Chemogenomic databases: Construction, search and analysis


Over the past 10–15 years, the advent of high-throughput technologies developed by the pharmaceutical industry and related disciplines has produced large databases of drug efficacy, gene/protein expression levels, mutational status, as well as molecular structure information of potential drugs and drug targets which further our understanding of normal versus disease states and are useful for drug discovery. With the recent availability of large public databases, notably those from US government agencies such as the National Center for Biotechnology Information and the National Cancer Institute, the emerging field of chemogenomics is providing abundant opportunities for innovative new techniques for statistical analysis, data integration and applications of large-scale datamining. This is the first of two issues of Statistical Analysis and Data Mining to be published in 2009 focused on statistical methods for chemogenomics. The review by Liu and Verducci provides a good introduction to the field of chemogenomics as well as an overview of the many statistical, bio/chemo-informatic, and experimental subdisciplines used in modern drug discovery.
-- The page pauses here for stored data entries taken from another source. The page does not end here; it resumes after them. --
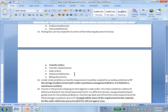For example, if you create an outbound delivery that creates a transfer requirement but you never convert it into a transfer order, you will not go and pick it. You will only pick after the transfer order has been created.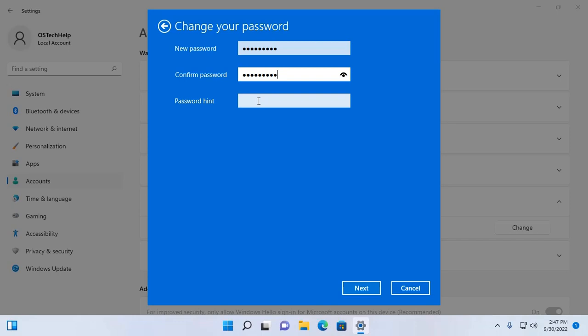Now enter password hint so that you can remember your password. And then click on next.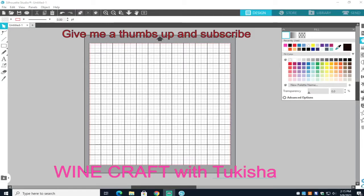Hi guys, welcome to my channel! Today I'm going to show you how to insert photos into words or numbers or whatever you want to insert them into. I grabbed a couple of images off of Google. Make sure you look for images and save them to your files or desktop so that it's easier for you to insert them.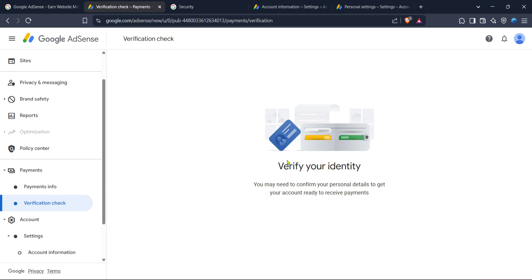By following these steps you should be able to resolve the Google AdSense identity verification issue. Patience is key here as it may take a bit of time for Google to process your information. Remember having accurate and clear documentation is essential to avoid further delays.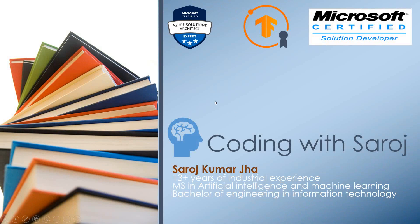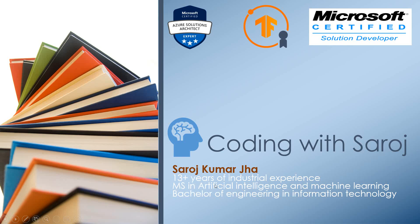Let's introduce myself. I am Saroj Kumar Jha. I have 13 years of industrial experience. I completed my MS in Artificial Intelligence and Machine Learning, and I completed my Bachelor of Engineering in Information Technology.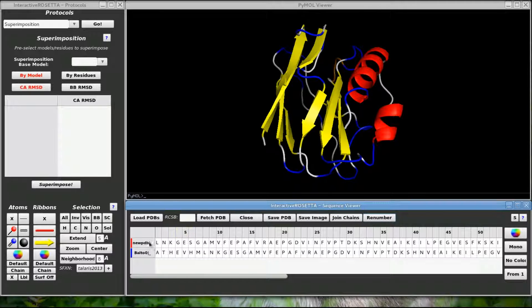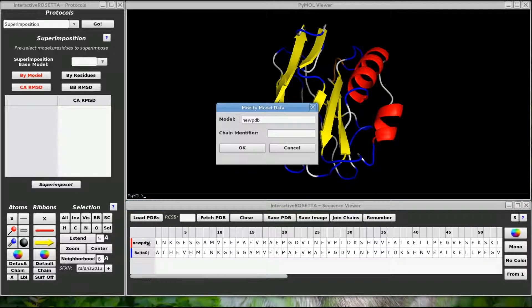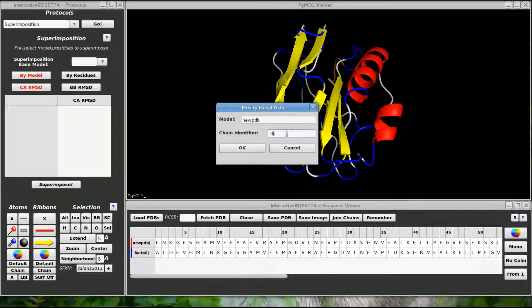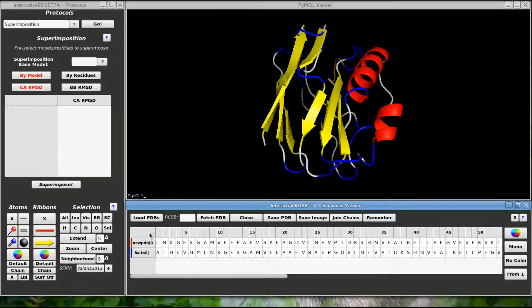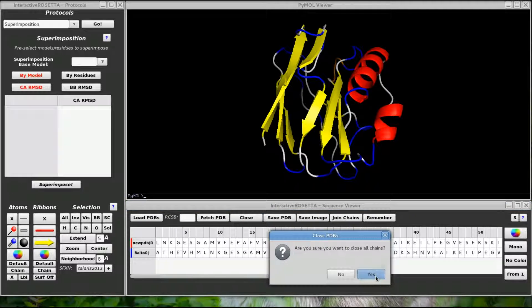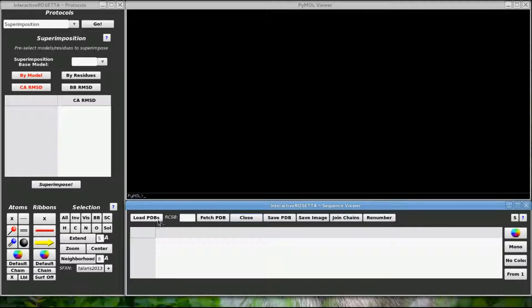If I right click on a chain label over here, I can modify the model name and or the chain identifier. So let's change the chain ID to R, for Rosetta. Okay. Let's get rid of that chain and now I'll show you something cool.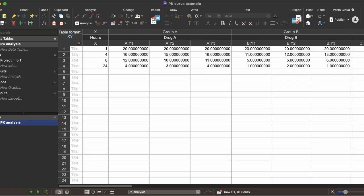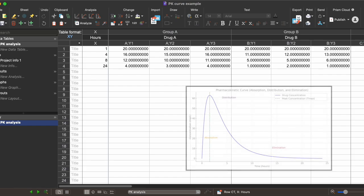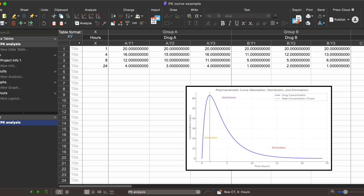In my example I'm showing drugs that were administered intravenously, meaning they go straight into the bloodstream. So we're skipping the absorption phase that would come with a drug administered orally, for example, and going straight to the distribution and elimination phases.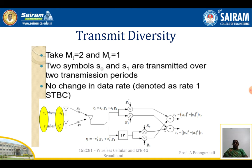We have two signals: S0 transmitted first, then after a time period, the orthogonal signal minus S1* is sent from antenna 1. In the second antenna, S1 is sent first and then S0* (the conjugate of S0). Both signals are transmitted with gains G0 and G1, and both are received at the receiver. At the receiver, the received signal during the first time slot is R0 = S0·G0 + S1·G1, and during the second time slot (conjugate): R1 = -S1*·G0 + S0*·G1.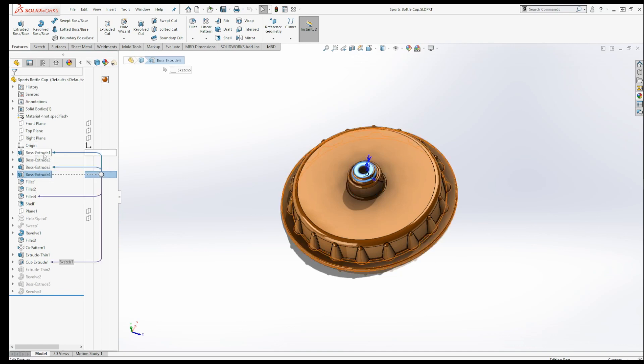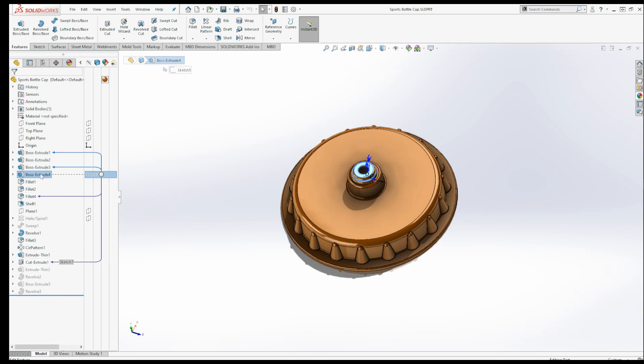From the child perspective, it's that fillet 4 and cut extrude 1 are reliant on boss extrude for being there. Sounds confusing but it's really not. But in order to activate these arrows to give you these relations,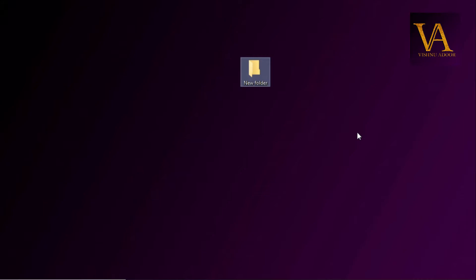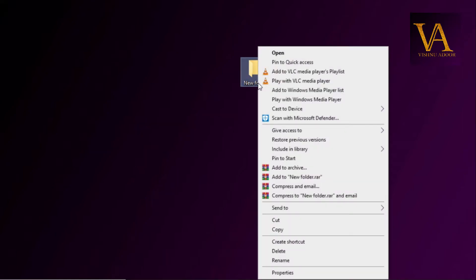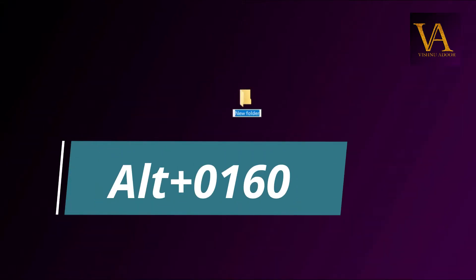We will save a name in the folder. I am going to show you how to save one name in the folder. Then we click on ALT in the keyboard and type 0160.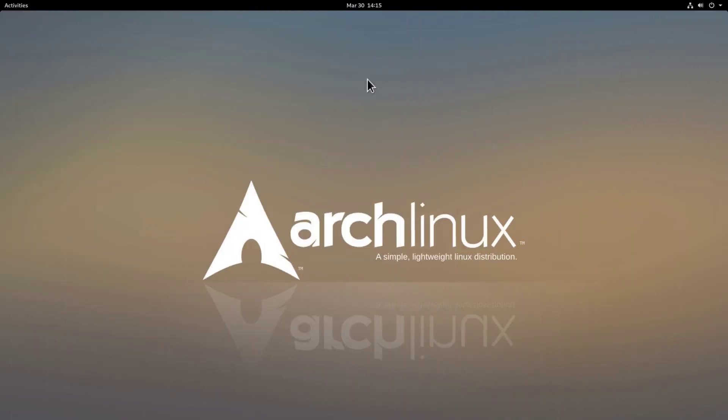We are now in the GNOME desktop and we want to now install TimeShift. TimeShift is a great solution if you want to have a full backup of your system and I definitely recommend you to try it out.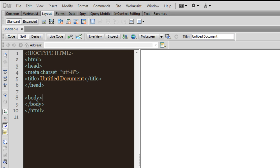Howdy Champs! My name is Mohaitan. In this Dreamweaver CS5 tutorial, I'm going to talk about the difference between an element which has been set to fixed and an element which is absolute.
Several papers in this issue describe new statistical methods for relating molecular structure to drug efficacy. Because compounds that have similar molecular structure often have similar biological properties, chemical similarity searching, on the basis of features extracted from the molecular structure, has long been used to prioritize compounds for testing. The article by Liu and Verducci introduces methods of chemical similarity searching that typically start with an active compound as a reference structure and aim to retrieve additional active compounds from a database. If instead of a single compound the search is based on multiple active compounds, the proportion of active compounds retrieved from the database can be significantly enriched. Turbo similarity searching (TSS) assumes that the nearest neighbors of the single reference compound provided by the user are active compounds and automatically uses them to conduct a multiple reference compound similarity search. Previous studies have shown that TSS can improve retrieval enrichment compared to a traditional similarity search. In this issue, Gardiner et al. compare the effectiveness of TSS over a variety of databases and use alternative structural descriptors for computing structural similarity.
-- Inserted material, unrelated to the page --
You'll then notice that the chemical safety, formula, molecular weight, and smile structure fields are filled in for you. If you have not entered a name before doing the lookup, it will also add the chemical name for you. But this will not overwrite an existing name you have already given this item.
Scheiber et al. present a method for dealing with multiple activity values (i.e. from a series of assays) with the aim of explaining the assay differences from a chemical perspective. The key idea is to create meta-categories from the differences in assay values and use the new (ordinal) categories as dependent variables to identify chemical properties or molecular substructures associated with the difference in profiles. In the chemogenomics setting, this technique could be used to identify molecular features common to compounds for which activity levels are associated with gene/protein expression signatures.
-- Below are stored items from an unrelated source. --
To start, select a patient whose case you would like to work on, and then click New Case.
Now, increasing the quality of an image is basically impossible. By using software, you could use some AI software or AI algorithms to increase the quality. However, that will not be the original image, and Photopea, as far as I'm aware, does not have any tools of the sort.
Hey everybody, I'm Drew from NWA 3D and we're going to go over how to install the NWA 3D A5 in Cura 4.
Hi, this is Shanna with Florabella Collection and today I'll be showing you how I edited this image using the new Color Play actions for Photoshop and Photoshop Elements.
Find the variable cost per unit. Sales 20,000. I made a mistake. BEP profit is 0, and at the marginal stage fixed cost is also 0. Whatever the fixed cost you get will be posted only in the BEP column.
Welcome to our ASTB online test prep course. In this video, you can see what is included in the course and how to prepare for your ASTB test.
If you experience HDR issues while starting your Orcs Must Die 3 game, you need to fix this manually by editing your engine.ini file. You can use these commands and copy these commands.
The effectiveness of a molecular descriptor set for identifying active compounds from a similarity search depends on the compound class. This dependency makes it difficult to select the most suitable descriptor set for a given search. Vogt et al. describe a method that combines a Bayesian scoring scheme for selection of structural and molecular property descriptors with an information-theoretic method for predicting recall rates. The procedure allows for the selection of search methods most likely to be successful for a given compound class and target database.

Gardner-Lubbe et al. discuss the advantages of biplots for visualization and analysis of microarray data. Biplots are typically used in conjunction with principal component analysis. However, the authors show that PCA biplots do not provide optimal data separation when used for exploring the differences between treatments and differentially expressed genes. As an alternative, they suggest biplots based on analysis of distance and illustrate its effectiveness in separating gene expression samples from three treatment groups.

As a whole, the papers in this issue take the reader from the fundamentals of how chemogenomic databases are constructed and searched, to a clever application of statistical analysis used to draw insight from these. The works reflect the best spirit of data mining for ideas, not just facts. The authors are thanked and congratulated.